When I first moved to London, I spent years spending well over 50 per cent of my income on rent. Even without any dependent to support, after essentials my disposable income was vanishingly small. London has the highest rent to income ratio of any region, and the highest proportion of households spending over a third of their income on rent. High rents limit people’s lives, and in London this has become a major driver of poverty and inequality. In the three years leading up to 2015-16, 960,000 private renters were living in poverty, and over half of children growing up in private rented housing are living in poverty.

So carefully designed rent controls therefore have the potential to reduce poverty and may also contribute over time to the reduction of the housing benefit bill (although any housing bill reductions have to come after an expansion of the system, which has been subject to brutal cuts over the last decade). Rent controls may also support London’s employers, two-thirds of whom are struggling to recruit entry-level staff because of the shortage of affordable homes. 

It’s obvious that London rents are far too high, and now an increasing number of voices are calling for rent controls as part of the solution: 68 per cent of Londoners are in favour, and a growing renters’ movement has emerged. Groups like the London Renters Union have already secured a massive victory in the outlawing of section 21 ‘no fault’ evictions. But without rent control, landlords can still unfairly get rid of tenants by jacking up rents.


At the New Economics Foundation we’ve been working with the Mayor of London and the Greater London Authority to research what kind of rent control would work in London.

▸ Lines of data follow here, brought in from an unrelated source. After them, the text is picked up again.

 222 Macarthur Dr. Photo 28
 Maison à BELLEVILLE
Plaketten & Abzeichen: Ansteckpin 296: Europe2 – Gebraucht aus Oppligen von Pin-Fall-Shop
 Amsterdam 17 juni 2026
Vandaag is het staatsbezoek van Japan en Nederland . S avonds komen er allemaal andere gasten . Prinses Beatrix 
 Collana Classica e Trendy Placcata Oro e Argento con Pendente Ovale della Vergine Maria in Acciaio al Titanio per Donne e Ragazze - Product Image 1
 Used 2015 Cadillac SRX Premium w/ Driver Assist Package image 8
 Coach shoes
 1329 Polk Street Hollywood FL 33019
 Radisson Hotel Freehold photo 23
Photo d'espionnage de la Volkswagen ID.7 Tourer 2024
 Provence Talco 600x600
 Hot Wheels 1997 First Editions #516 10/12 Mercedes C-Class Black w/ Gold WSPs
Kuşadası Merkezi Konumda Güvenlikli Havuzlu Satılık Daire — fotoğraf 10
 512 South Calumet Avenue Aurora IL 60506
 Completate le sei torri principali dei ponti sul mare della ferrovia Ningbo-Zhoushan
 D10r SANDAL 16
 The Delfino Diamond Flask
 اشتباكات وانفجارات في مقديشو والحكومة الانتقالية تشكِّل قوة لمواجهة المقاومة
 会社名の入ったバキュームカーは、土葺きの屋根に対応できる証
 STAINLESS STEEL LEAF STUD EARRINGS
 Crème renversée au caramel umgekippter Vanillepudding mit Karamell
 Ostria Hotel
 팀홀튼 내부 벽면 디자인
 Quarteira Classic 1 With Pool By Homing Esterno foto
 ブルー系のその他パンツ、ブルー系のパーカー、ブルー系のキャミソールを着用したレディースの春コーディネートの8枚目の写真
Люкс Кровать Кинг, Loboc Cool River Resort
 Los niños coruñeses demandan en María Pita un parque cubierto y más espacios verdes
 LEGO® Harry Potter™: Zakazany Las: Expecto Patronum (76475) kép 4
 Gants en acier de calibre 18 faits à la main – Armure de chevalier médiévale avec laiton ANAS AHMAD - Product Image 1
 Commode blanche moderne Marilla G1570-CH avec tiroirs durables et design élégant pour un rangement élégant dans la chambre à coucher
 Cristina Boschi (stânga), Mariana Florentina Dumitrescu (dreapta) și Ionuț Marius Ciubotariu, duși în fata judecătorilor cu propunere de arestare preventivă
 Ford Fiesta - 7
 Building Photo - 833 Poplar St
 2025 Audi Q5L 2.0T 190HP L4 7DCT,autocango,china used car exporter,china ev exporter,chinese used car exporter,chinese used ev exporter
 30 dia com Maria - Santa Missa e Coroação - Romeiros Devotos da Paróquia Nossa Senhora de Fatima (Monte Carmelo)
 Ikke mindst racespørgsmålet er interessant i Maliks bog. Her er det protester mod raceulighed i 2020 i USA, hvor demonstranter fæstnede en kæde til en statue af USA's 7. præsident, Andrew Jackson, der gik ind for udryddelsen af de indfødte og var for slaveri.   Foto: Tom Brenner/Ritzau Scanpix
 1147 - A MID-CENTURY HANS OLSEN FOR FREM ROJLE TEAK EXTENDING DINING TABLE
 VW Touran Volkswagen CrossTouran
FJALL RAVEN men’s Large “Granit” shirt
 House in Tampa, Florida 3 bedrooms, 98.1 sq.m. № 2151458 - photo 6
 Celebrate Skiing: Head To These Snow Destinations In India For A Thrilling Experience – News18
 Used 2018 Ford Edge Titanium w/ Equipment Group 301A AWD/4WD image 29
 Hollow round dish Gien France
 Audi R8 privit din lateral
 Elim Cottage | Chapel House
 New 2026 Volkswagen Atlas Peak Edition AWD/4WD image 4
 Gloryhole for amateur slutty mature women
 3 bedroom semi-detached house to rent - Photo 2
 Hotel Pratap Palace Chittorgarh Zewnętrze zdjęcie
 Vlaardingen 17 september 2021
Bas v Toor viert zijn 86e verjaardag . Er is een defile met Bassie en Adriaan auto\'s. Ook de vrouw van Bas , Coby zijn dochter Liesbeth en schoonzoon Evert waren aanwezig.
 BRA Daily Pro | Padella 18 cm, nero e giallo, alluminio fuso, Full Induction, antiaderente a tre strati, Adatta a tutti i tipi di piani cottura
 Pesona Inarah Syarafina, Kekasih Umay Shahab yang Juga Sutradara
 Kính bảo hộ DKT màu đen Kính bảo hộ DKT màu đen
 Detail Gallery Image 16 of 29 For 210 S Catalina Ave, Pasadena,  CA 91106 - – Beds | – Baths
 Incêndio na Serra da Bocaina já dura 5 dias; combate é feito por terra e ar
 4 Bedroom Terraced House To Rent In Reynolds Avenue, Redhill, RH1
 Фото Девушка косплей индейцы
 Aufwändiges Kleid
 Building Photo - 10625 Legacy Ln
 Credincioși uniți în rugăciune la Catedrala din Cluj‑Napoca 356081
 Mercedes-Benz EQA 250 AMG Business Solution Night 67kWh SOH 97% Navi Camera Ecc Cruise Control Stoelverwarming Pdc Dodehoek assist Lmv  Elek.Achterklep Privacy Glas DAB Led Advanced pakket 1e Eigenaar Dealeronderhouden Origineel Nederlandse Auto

Rent controls are often polarising in the UK but are commonplace elsewhere. New York controls rents on many properties, and Berlin has just introduced a five year “rental lid”, with the mayor citing a desire to not become “like London” as a motivation for the policy. 

A rent control that helps to solve London’s housing crisis would need to meet several criteria. Since rents have risen three times faster than average wages since 2010, rent control should initially brings rents down. Our research found that a 1 per cent reduction in rents for four years could lead to 20 per cent cheaper rents compared to where they would be otherwise. London also needs a rent control both within and between tenancies because otherwise landlords can just reset rents when tenancies end.

Without rent control we can’t hope to solve London’s housing crisis – but it’s not without risk. Decreases in landlord profits could encourage current landlords to exit the sector and discourage new ones from entering it. And a sharp reduction in the supply of privately rented homes would severely reduce housing options for Londoners, whilst reducing incentives for landlords to maintain and improve their properties.

Rent controls should be introduced in a stepped way to minimise risks for tenants. And we need more information on landlords, rents, and their business models in order to design a rent control which avoids unintended consequences.

Rent controls are also not a silver bullet. They need to be part of a package of solutions to London’s housing affordability crisis, including a large scale increase in social housebuilding and an improvement in housing benefit. However, private renting will be part of London’s housing system for some time to come, and the scale of the affordability crisis in London means that the question of rent controls is no longer “if”, but increasingly “how”. 

Joe Beswick is head of housing & land at the New Economics Foundation.